• _Work task_: Needed from the data below: every line from the one with "Relaxed Couple Receiving" up to and including the one with "car roof. </p></div>", repeated exactly and with nothing else.

• _Exercise material_:
Start of Block
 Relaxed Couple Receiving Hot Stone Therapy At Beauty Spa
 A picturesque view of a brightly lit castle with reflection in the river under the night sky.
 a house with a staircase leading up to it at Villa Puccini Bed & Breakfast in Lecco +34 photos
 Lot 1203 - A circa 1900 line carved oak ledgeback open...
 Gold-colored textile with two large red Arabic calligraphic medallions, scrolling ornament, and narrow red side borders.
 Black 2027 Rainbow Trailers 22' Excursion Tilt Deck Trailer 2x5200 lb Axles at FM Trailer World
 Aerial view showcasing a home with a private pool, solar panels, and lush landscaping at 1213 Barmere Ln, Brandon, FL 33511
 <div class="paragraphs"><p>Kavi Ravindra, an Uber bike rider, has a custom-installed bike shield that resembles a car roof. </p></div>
End of Block
Start of Block
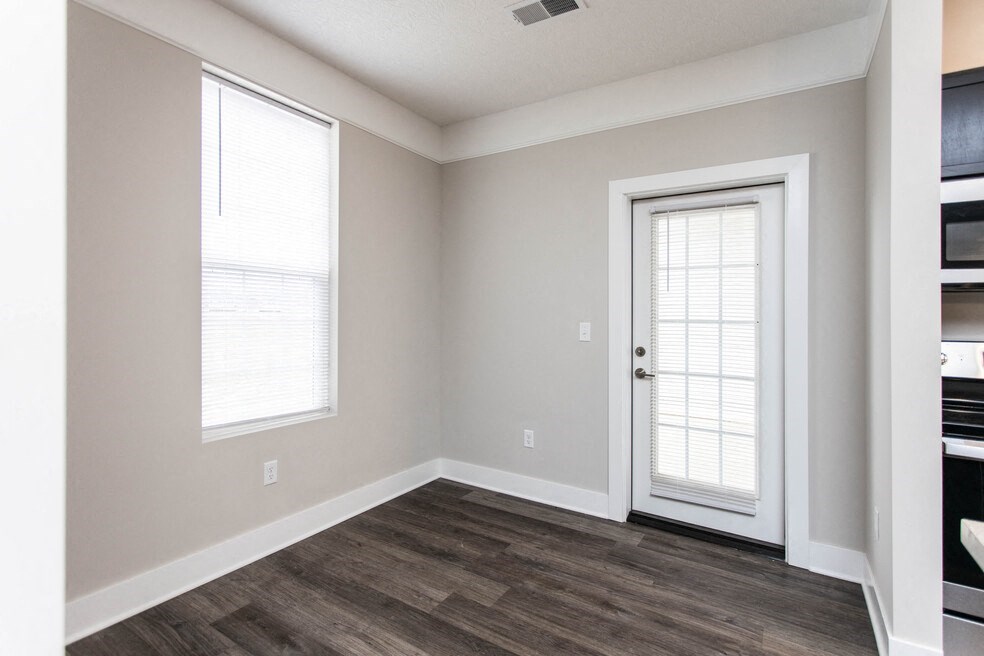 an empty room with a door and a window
End of Block
• _Answer to the problem_:
 Relaxed Couple Receiving Hot Stone Therapy At Beauty Spa
 A picturesque view of a brightly lit castle with reflection in the river under the night sky.
 a house with a staircase leading up to it at Villa Puccini Bed & Breakfast in Lecco +34 photos
 Lot 1203 - A circa 1900 line carved oak ledgeback open...
 Gold-colored textile with two large red Arabic calligraphic medallions, scrolling ornament, and narrow red side borders.
 Black 2027 Rainbow Trailers 22' Excursion Tilt Deck Trailer 2x5200 lb Axles at FM Trailer World
 Aerial view showcasing a home with a private pool, solar panels, and lush landscaping at 1213 Barmere Ln, Brandon, FL 33511
 <div class="paragraphs"><p>Kavi Ravindra, an Uber bike rider, has a custom-installed bike shield that resembles a car roof. </p></div>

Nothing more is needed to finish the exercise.